Phrynus exsul

Scientific classification
- Kingdom: Animalia
- Phylum: Arthropoda
- Subphylum: Chelicerata
- Class: Arachnida
- Order: Amblypygi
- Family: Phrynidae
- Genus: Phrynus
- Species: P. exsul
- Binomial name: Phrynus exsul Harvey, 2002

= Phrynus exsul =

- Genus: Phrynus
- Species: exsul
- Authority: Harvey, 2002

Species of arachnid

Phrynus exsul is a species of whipspider from Indonesia. It is the only species in the family Phrynidae found outside of the New World.

== Description ==
Phrynus exsul is morphologically quite similar to other phrynid species, with one of its most distinctive features being an increased number of trichobothria present on the distitibia of the walking legs compared to other species of its family. It is a large whipspider, with the male paratype (the larger of the two type specimens) measuring 38 mm in total body length excluding the chelicerae, with a single antenniform leg measuring 252 mm in total. The pedipalps are short and strong.
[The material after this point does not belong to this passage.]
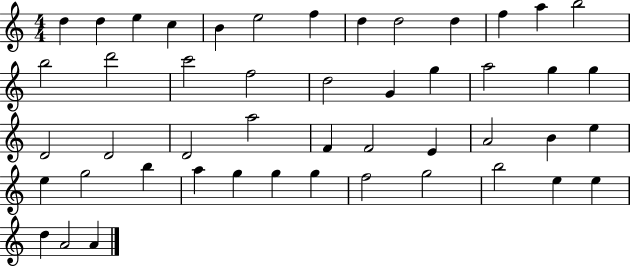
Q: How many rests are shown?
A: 0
The coloration of adults is blackish overall, but the nymphal instars are mostly white, with only their pedipalps being black. The earliest instars have small dark spots on mostly white bodies with transparent cuticle, with the black spots expanding from the fourth instars onward and the white areas darkening to yellowish. Larger but still immature specimens observed in the wild in caves have acquired the dark coloration of adults. This coloration of nymphs had not been observed in other Phrynids as of 2010, with only the Arabian Phrynichid Phrynichus dhofarensis showing similar color in the nymphal stages. The reason for the color anomaly remains unknown.
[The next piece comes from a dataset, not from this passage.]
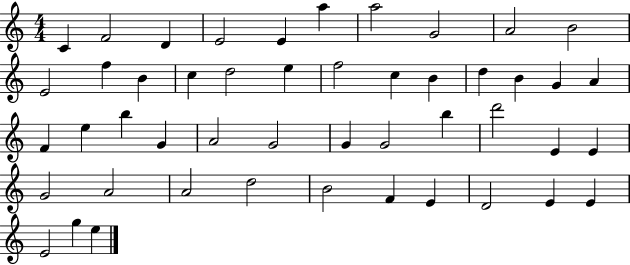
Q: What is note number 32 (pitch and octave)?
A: B5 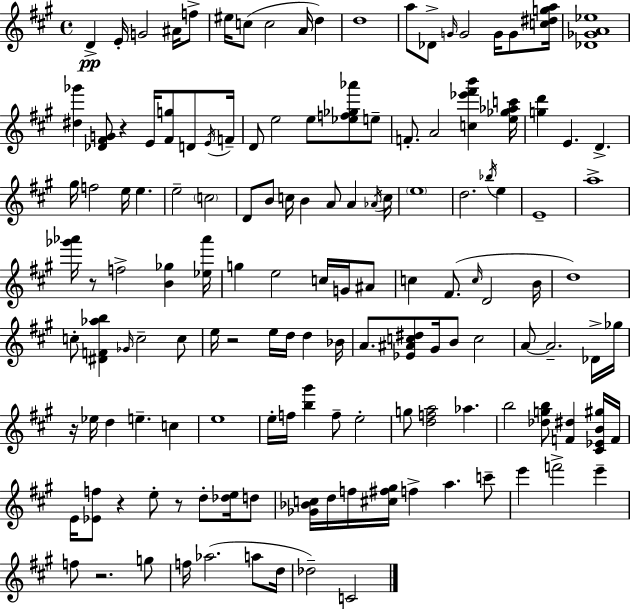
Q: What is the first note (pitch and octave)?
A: D4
=== Reproductive biology ===
P. exsul shows very little sexual dimorphism overall, with the pedipalps being the same between males and females, a commonly sexually dimorphic feature among amblypygi. However, the males possess an additional spine on both the anteroventral and anterodorsal margin of the trochanter of their pedipalps (5 and 4 respectively).

Similarly to other amblypygi, courtship (observed in captivity during a 2010 study) involves the male rythmically jerking his antenniform legs and tapping the female. The female mostly remains motionless until lured over the spermatophore. After depositing the spermatophore, the male spends 4 to 6 minutes "embracing" the spermatophore head with his pedipalp tarsi, while intensifying his antenniform leg jerking, before stepping back and luring the female to take up the spermatophore with more courtship movements. When researchers attempted to pair a female that was later found to be a few weeks from molting, the female "ferociously" attempted to kill the male, who had to be rescued, losing an antenniform leg in the attack.
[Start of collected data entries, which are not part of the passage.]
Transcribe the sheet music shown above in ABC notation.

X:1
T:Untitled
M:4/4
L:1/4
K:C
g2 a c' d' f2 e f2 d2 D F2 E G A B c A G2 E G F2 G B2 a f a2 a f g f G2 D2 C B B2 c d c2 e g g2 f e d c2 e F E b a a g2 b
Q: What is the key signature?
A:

Unusually, the egg sac begins dull greyish colored, in contrast to the shiny greenish of other amblypygi. Eventually, the wall of the egg sac hardened to shiny and brownish as in other amblypygi. Development of the egg sac laid by an observed captive female took around 4 months until the young hatched.

== Distribution and ecology ==
Phrynus exsul occurs on the Indonesian islands of Flores (the type locality) and Rinca. It inhabits both caves and forests. It is unknown how the species ended up in Indonesia, which is otherwise inhabited by Charontid species. As of 2010 there was no evidence of past broader distribution of the Phrynidae, leaving rafting across the Pacific or past human introduction as possible explanations for its enigmatic presence in Southeast Asia.